Melihat kondisi di lapangan, wartawan koran ini coba konfirmasi ke kepala desa setempat.

Dikonfirmasi melalui sambungan telepon pribadinya, Minggu (12/09/2021) Junianto Ginting Kepala Desa Suka Julu, Kecamatan Tiga Binanga, mengaku tidak mengetahui bagaimana proses pendataan masyarakat penerima Bantuan Sosial PKH. Menurut Junianto, pendataan tersebut sudah ada sebelum dia menjabat sebagai kepala desa.

BACA JUGA..  Ambulans Masuk Jurang di Dairi, Bidan Tewas, Sopir Kritis

“Pendataan penerima bantuan Sosial PKH dari Kabupaten dan Kecamatan pak, dan ada namanya pendamping desa dari kecamatan dan dia yang tau bagaimana pendataannya. Kalau dari pihak desa tidak ada pendataan penerima PKH, itu dari kecamatan. Dan pihak kecamatan juga tidak ada kordinasi ke saya tentang hal tersebut. Biasanya mereka yang langsung berurusan dengan masyarakat yang didata,” ujar Junianto.

Dihubungi terpisah, Pendamping Desa Suka Julu, Ogi Kacaribu melalui sambungan telepon pribadinya, membantah keterangan Kades Suka Julu. Ogi Kacaribu menyebutkan bahwa, pendataan masyarakat dilakukan oleh kepala desa melalui Oprator desa.

“Saya membantah kalau Kades bilang itu kewenangan kami untuk melakukan pendataan. Pendataan itu murni dilakukan oleh Kades melalui Oprator Desa. Tugas kami sebagai pendamping desa bukan untuk melakukan pendataan melainkan untuk memvalidasi data yang dikirim oleh Oprator Desa ke kami,” tegasnya.

BACA JUGA..  Roy Suryo Ditangkap, Kasus Ijazah Jokowi

Ogi Kacaribu juga menyebutkan, pendataan harus melalui DTKS (Data Terpadu Kesejahtraan Sosial).

“Dalam pendataan biasanya ada format surat yang harus diisi seperti jenis rumah, atap terbuat dari apa, lantainya bagaimana begitu dia. Setelah data itu diisi semua, baru kemudian pihak desa melaporkan ke kami dan selanjutnya kami yang melakukan pengecekan kelapangan” ujar Ogi.

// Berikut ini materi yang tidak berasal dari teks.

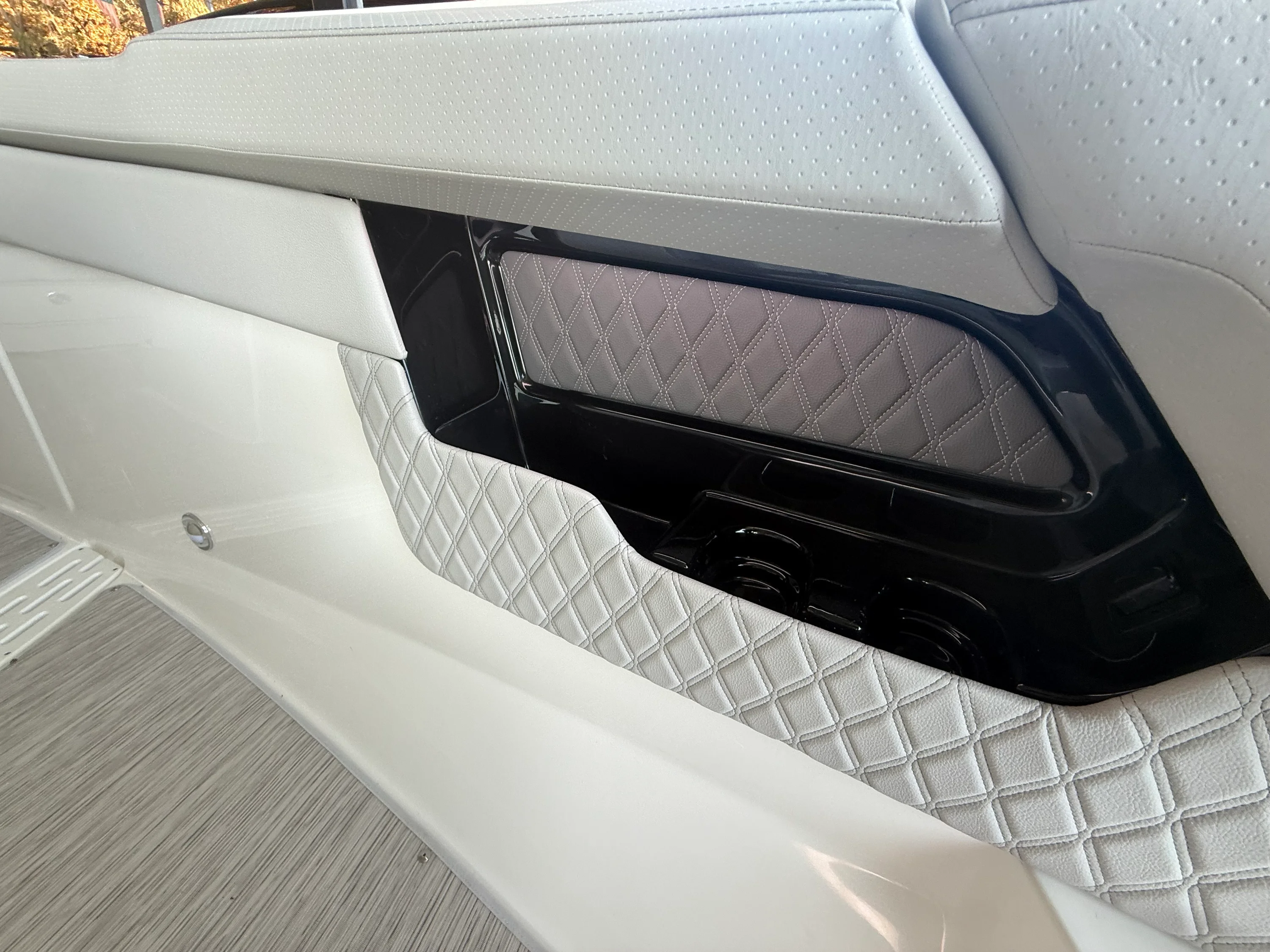 2026 Sea Ray SLX 400 Outboard Image Thumbnail #31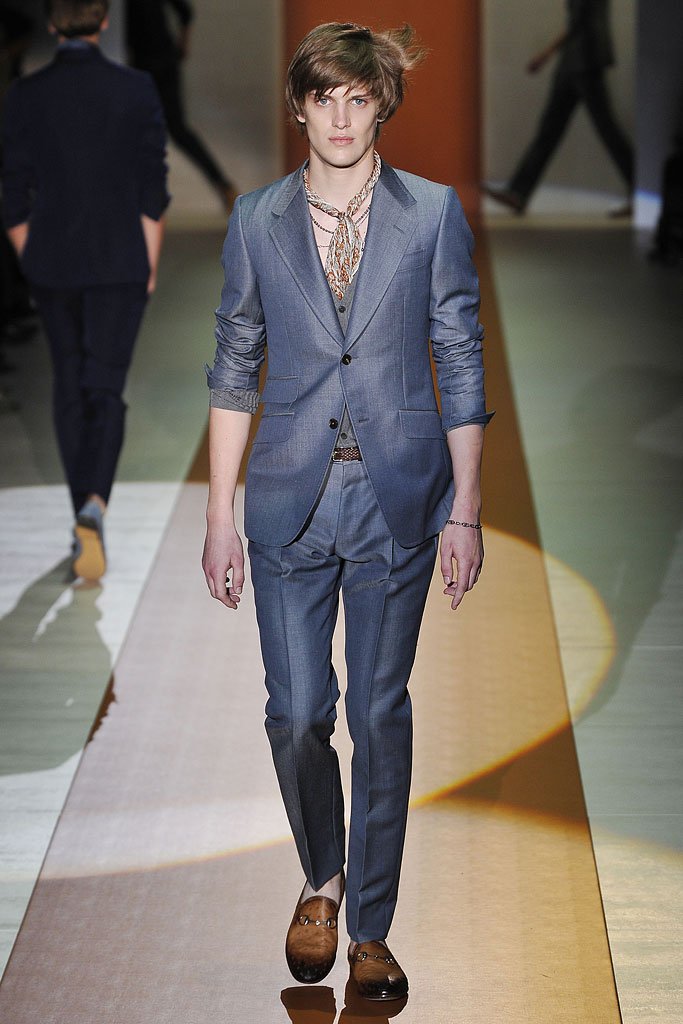 古驰 Gucci 2011春夏男装发布秀 -Milan Spring / Summer 2011 Men's-天天时装-口袋里的时尚指南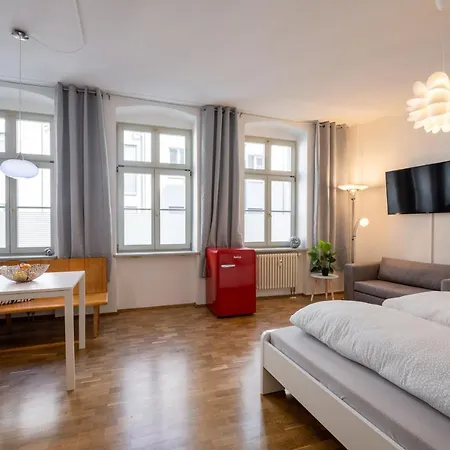 Grosse Altstadtwohnung In Lage Zentrum * ドレスデン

Diketahui Program Bantuan Sosial PKH adalah program pemerintah melalui Kementerian Sosial (Kemensos) terhadap masyarakat yang kurang mampu, yang bertujuan untuk meningakatkan taraf hidup masyarakat menuju masyarakat sejahtera. Kiranya program tersebut dapat terealisasi bagi masyarakat yang memang betul-betul berhak atas bantuan tersebut. (oky)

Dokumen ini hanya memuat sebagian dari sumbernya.